** The input follows **

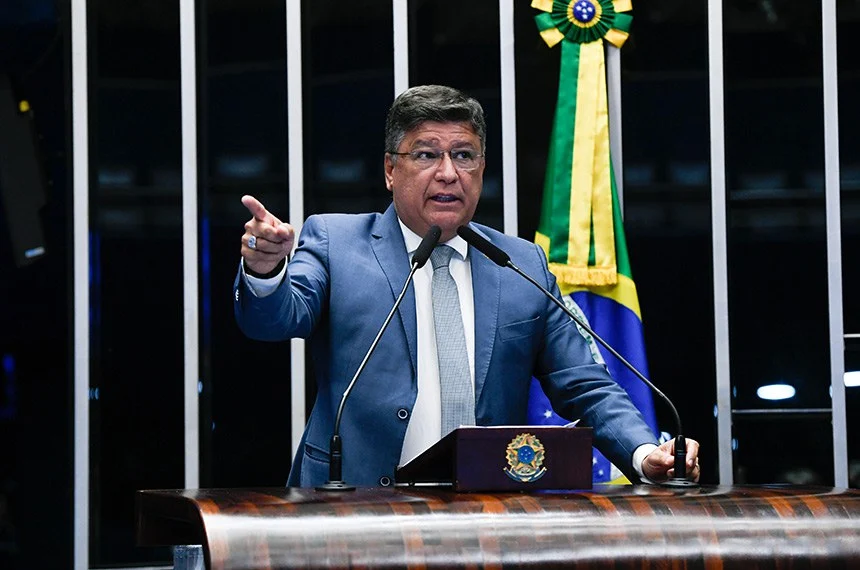 Deputados pedem suspeição de presidente da CPMI do INSS Deputados pedem suspeição de presidente da CPMI do INSS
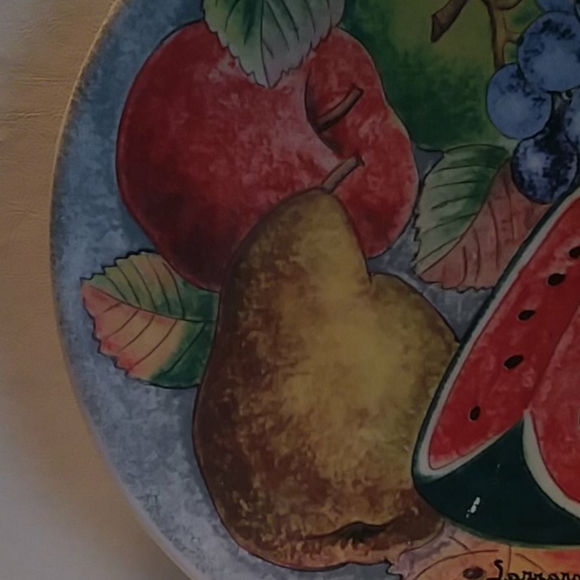 Lazzaro Italian Porcelain Hand-painted Fruit Plate - Picture 5 of 7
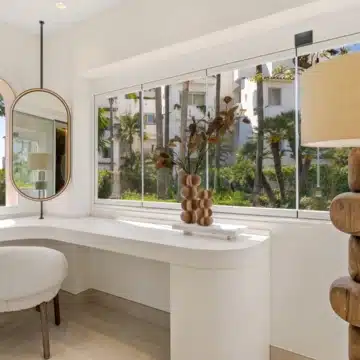 Newly renovated 3-bedroom apartment in an exclusive beachfront community of New Golden Mile, Estepona Picture 7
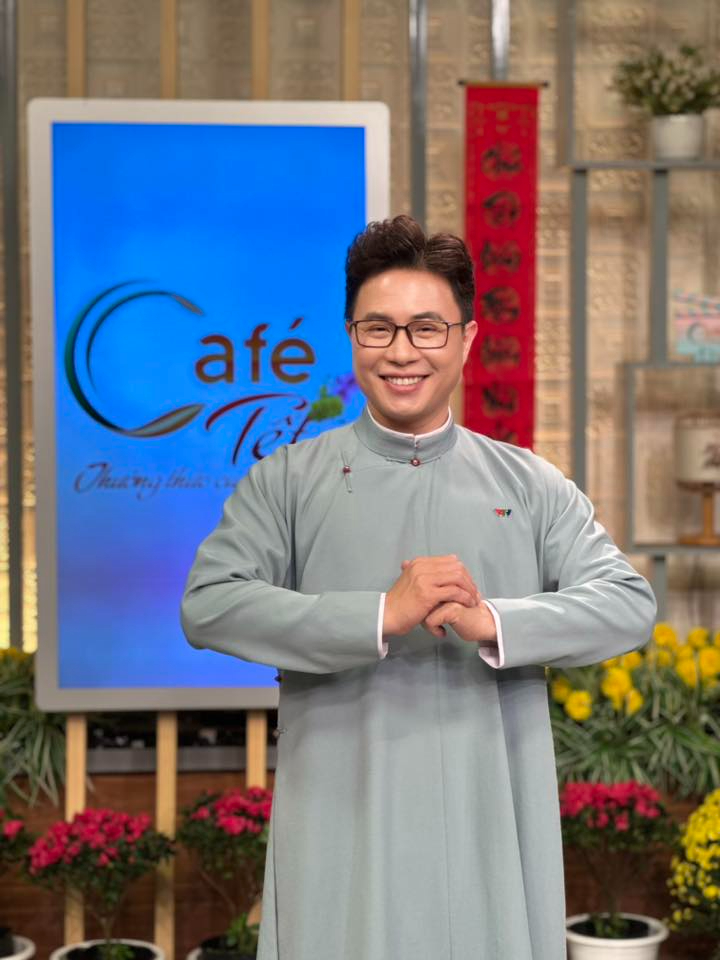 MC Lê Anh là gương mặt quen thuộc trên Café Sáng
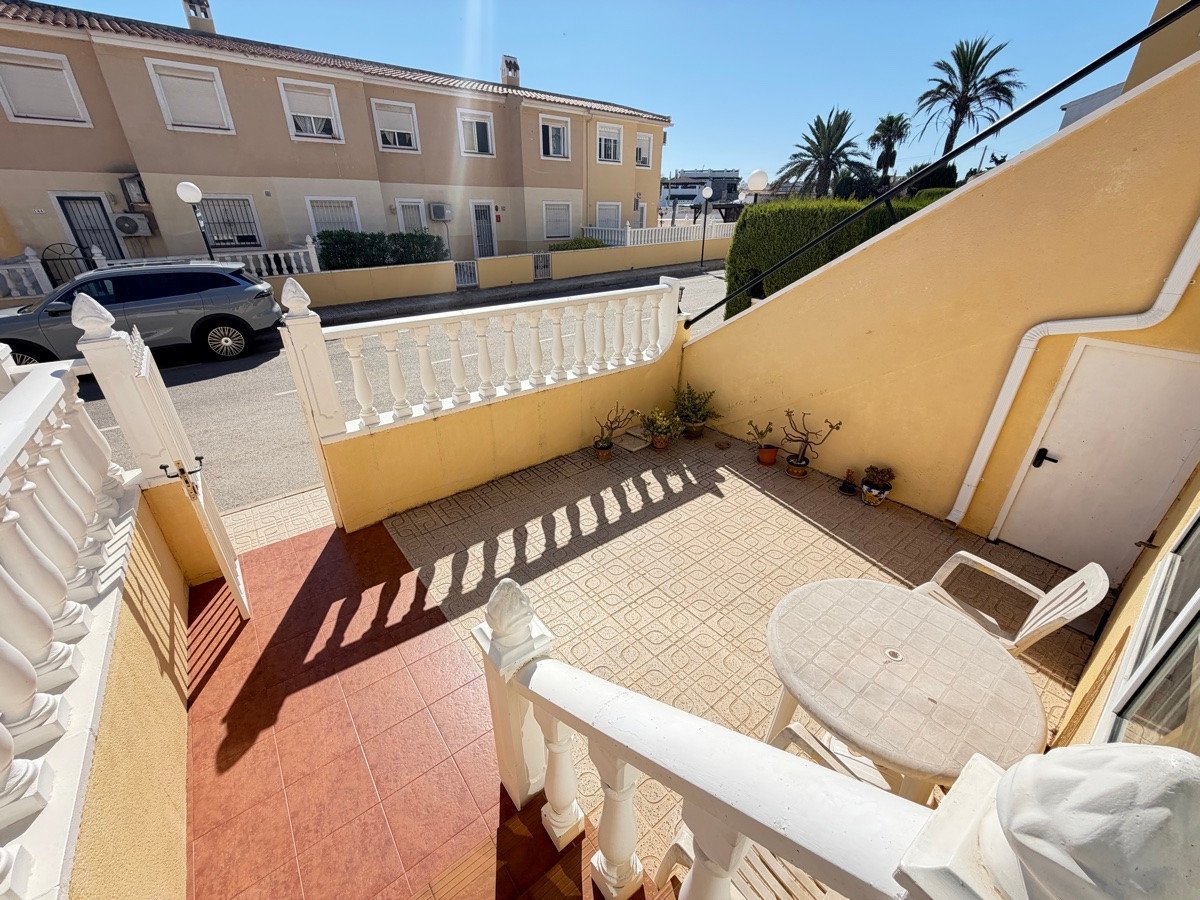 2 Bed Ground Floor Apartment in Villamartin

** End of The input **

◆ **Task to carry out**:
Without including the pictures, return each record above exactly as it stands.

◆ **Answer box**:
 Deputados pedem suspeição de presidente da CPMI do INSS Deputados pedem suspeição de presidente da CPMI do INSS
 Lazzaro Italian Porcelain Hand-painted Fruit Plate - Picture 5 of 7
 Newly renovated 3-bedroom apartment in an exclusive beachfront community of New Golden Mile, Estepona Picture 7
 MC Lê Anh là gương mặt quen thuộc trên Café Sáng
 2 Bed Ground Floor Apartment in Villamartin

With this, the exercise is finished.